While an extreme example of continuing education, this level of dedication to the worker is a testament to not only Hahn but the SIP program. Silva noted that at other wineries, “you get a work order and you go do it; you move wine from point A to point B, and that's it. With Hahn, we actually take the time to explain to our employees, why is it that you’re doing this?”
Education leads to empowerment; “[By understanding] winemaking processes, there are times when some of our employees in the cellar bring up things like, ‘hey, don't forget, we normally have do this around this time’ and it's like, ‘oh man, you're right,’” said Silva. “With so much going on, there are times where things do slip through the cracks, and they're the ones to point it out.”

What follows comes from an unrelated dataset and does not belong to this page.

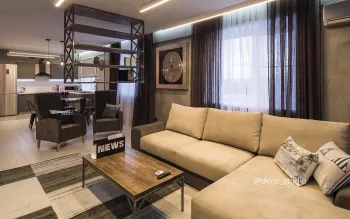 Интерьер гостиной c подсветкой  смотреть на Basicdecor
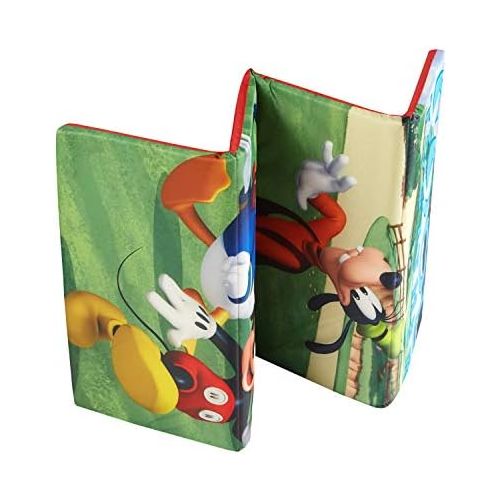  [아마존베스트]Idea Nuova Disney Mickey Mouse Kids Accordion Folding Portable Nap Mat, 44 Lx19 W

Teams hold monthly meetings about sustainability so they can maintain and evolve practices. Even small gestures, such as providing all employees with reusable water bottles, show how the company infuses its ethos through all aspects of the business.
Although the big box stores were the catalyst for the certification, at lot has changed in ten years; does the label resonate in today’s natural wine/DEMETER certified/organic/organically grown grapes/certified sustainable alphabet soup? I put this question to Doug Bell, Senior Global Director of Beverage for Whole Foods, whose clientele you'd expect to be rather attuned to the different certifications. “SIP is very important as it focuses not only on protecting the environment, but also that human resources are protected,” Bell wrote in an email, “and that’s a complex message and complex process that can’t be explained on the back of a wine bottle or through a logo or symbol. With the proper messaging and education, SIP and other lesser known (but very key) certifications could become key considerations for customer decision-making in the wine aisle.” Bell adds that the certification absolutely factors into Whole Foods’ buying decisions, showing its potential influence.
McIntyre acknowledges SIP is still small in scale, but he’s not concerned. He thinks the SIP template can be adopted by other agricultural sectors, or they’ll implement segments into their own practices. Either way, “I really think we're going to move the needle,” he said. “They'll be able to adopt what… the grape growers have done in terms of a template and we'll all be better off. The program will get much bigger, is our hope.”